## Task objective
Repeat the records below exactly from the line containing "Funny Bridal Party White Sweatshirt" to the line containing "大分県杵築市大田石丸周辺の地図", taking in both of those lines. Drop the pictures.

Records for the exercise: Begin

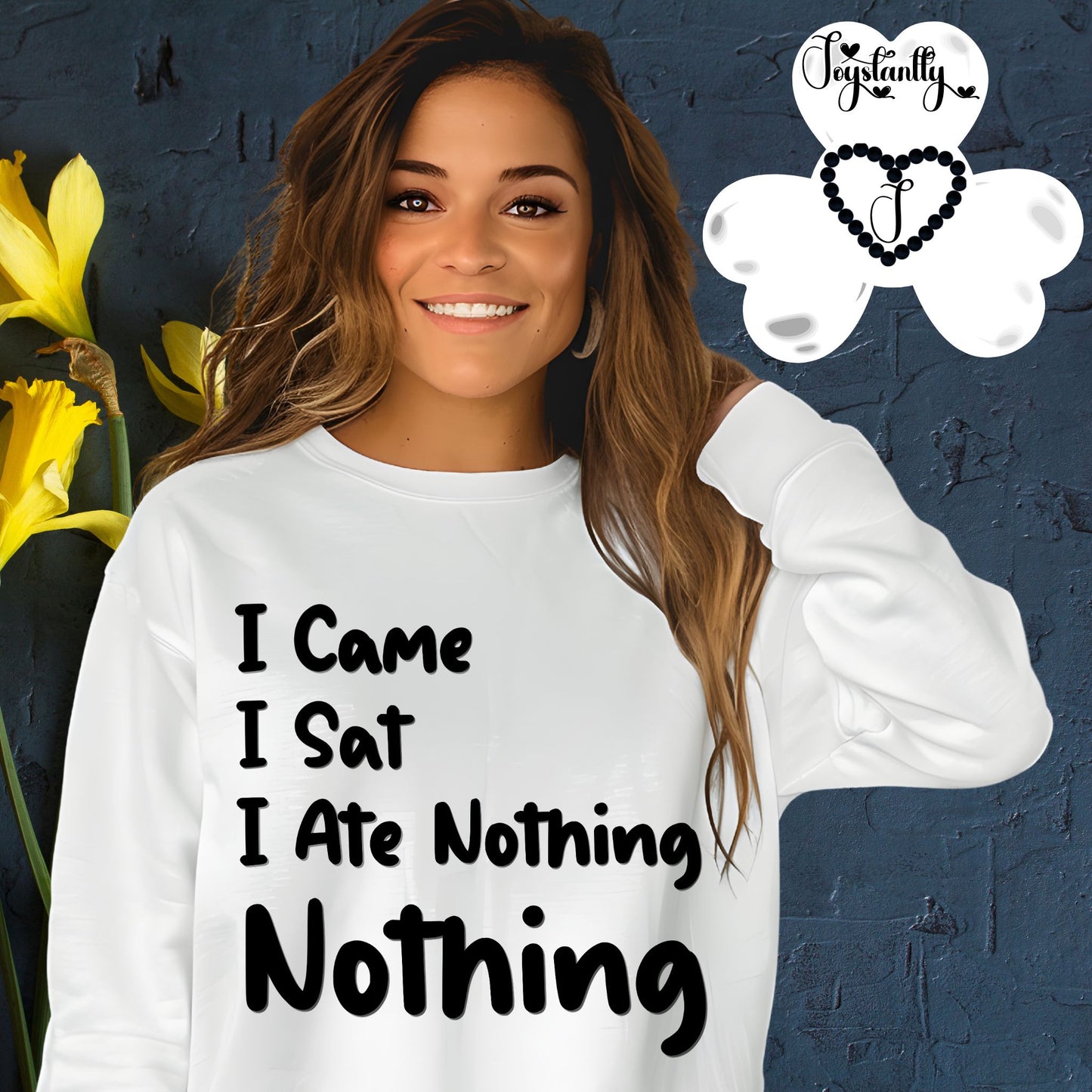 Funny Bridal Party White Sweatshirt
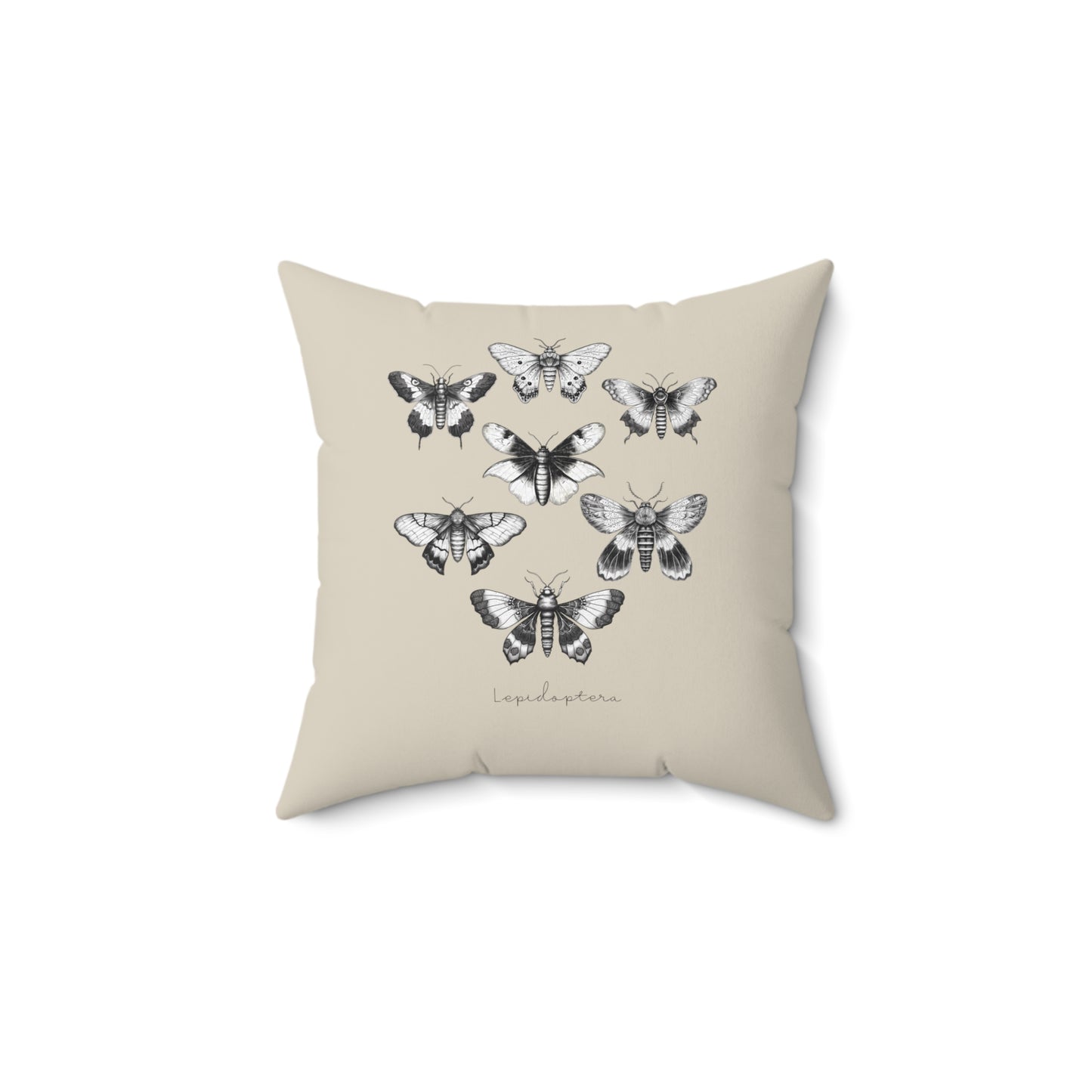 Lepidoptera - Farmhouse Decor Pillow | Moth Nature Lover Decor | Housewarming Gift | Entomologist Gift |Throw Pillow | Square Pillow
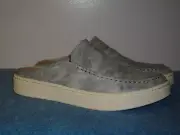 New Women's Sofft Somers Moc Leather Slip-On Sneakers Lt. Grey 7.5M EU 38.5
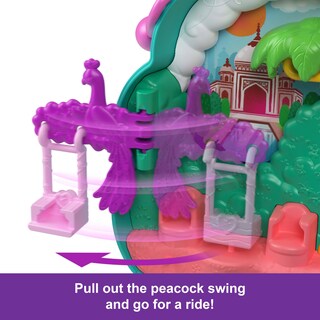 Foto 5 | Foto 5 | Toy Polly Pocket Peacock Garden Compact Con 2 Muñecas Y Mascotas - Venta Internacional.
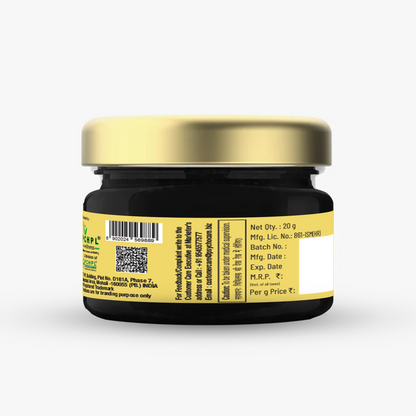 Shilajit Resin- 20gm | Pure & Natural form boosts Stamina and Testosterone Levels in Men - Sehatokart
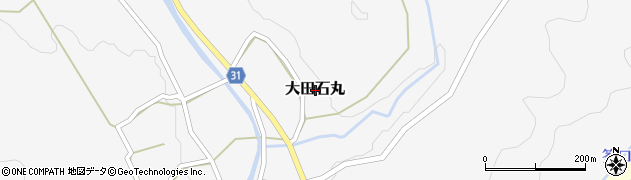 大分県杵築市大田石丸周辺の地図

Records for the exercise: End
Records for the exercise: Begin

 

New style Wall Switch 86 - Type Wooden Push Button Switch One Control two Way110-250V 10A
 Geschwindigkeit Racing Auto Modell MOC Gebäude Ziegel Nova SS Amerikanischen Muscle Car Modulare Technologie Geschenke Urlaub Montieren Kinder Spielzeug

Records for the exercise: End

## Solution below
 Funny Bridal Party White Sweatshirt
 Lepidoptera - Farmhouse Decor Pillow | Moth Nature Lover Decor | Housewarming Gift | Entomologist Gift |Throw Pillow | Square Pillow
 New Women's Sofft Somers Moc Leather Slip-On Sneakers Lt. Grey 7.5M EU 38.5
 Foto 5 | Foto 5 | Toy Polly Pocket Peacock Garden Compact Con 2 Muñecas Y Mascotas - Venta Internacional.
 Shilajit Resin- 20gm | Pure & Natural form boosts Stamina and Testosterone Levels in Men - Sehatokart
 大分県杵築市大田石丸周辺の地図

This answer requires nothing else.